### [INSTRUCTIONS TO FOLLOW]
Print every line of the material below exactly as it stands, but omit the pictures.

### DATA BLOCK

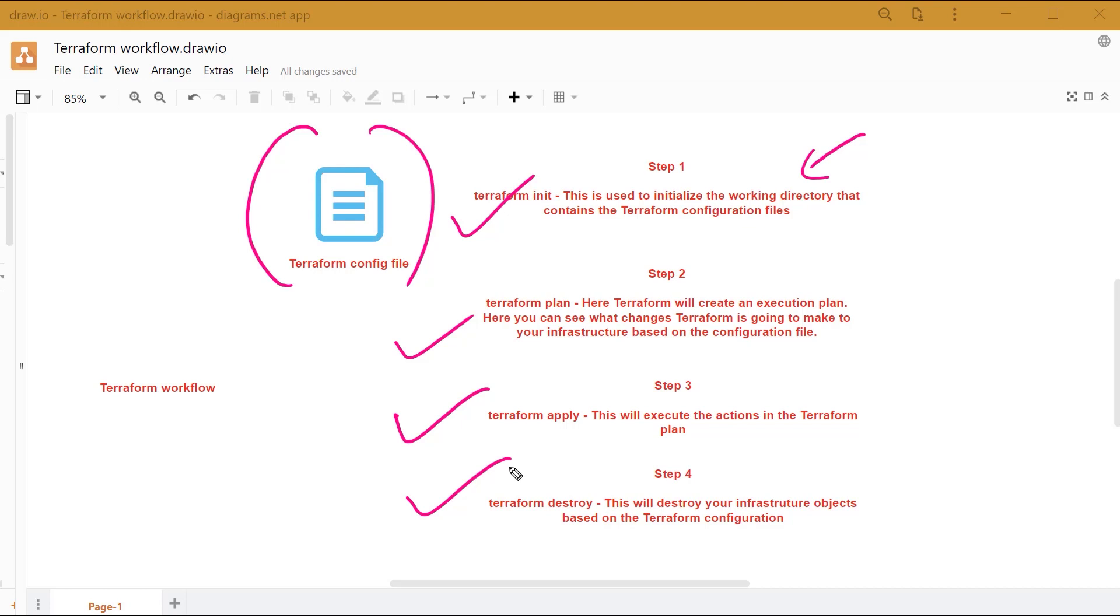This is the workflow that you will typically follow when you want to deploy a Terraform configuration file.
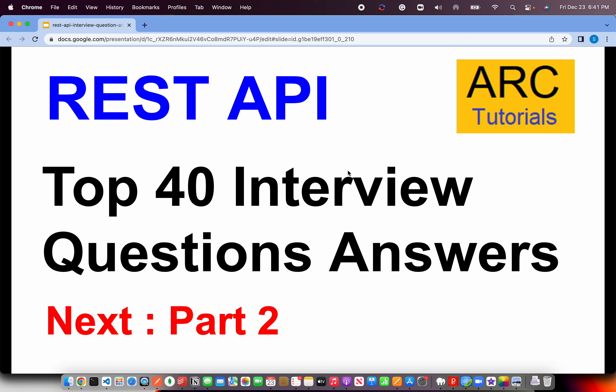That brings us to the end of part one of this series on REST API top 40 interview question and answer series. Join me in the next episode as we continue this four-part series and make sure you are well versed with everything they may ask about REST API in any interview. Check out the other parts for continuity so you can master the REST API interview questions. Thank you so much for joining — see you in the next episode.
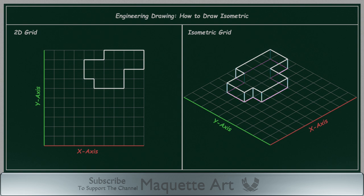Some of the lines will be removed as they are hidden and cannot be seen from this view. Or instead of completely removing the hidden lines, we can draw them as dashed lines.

######

### [WRITTEN SOLUTION]
This is the workflow that you will typically follow when you want to deploy a Terraform configuration file.
That brings us to the end of part one of this series on REST API top 40 interview question and answer series. Join me in the next episode as we continue this four-part series and make sure you are well versed with everything they may ask about REST API in any interview. Check out the other parts for continuity so you can master the REST API interview questions. Thank you so much for joining — see you in the next episode.
Some of the lines will be removed as they are hidden and cannot be seen from this view. Or instead of completely removing the hidden lines, we can draw them as dashed lines.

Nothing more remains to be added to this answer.